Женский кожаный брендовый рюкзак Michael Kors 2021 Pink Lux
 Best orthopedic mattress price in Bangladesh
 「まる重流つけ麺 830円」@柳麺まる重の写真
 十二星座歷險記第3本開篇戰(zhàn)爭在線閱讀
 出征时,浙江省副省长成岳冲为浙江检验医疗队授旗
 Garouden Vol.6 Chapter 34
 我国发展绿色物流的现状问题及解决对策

DIRECTIONS FOR THIS TASK: Give back, unchanged, every line from the one with "出征时,浙江省副省长成岳冲为浙江检验医疗队授旗" to the end of the entries above.

EXERCISE RESPONSE:
 出征时,浙江省副省长成岳冲为浙江检验医疗队授旗
 Garouden Vol.6 Chapter 34
 我国发展绿色物流的现状问题及解决对策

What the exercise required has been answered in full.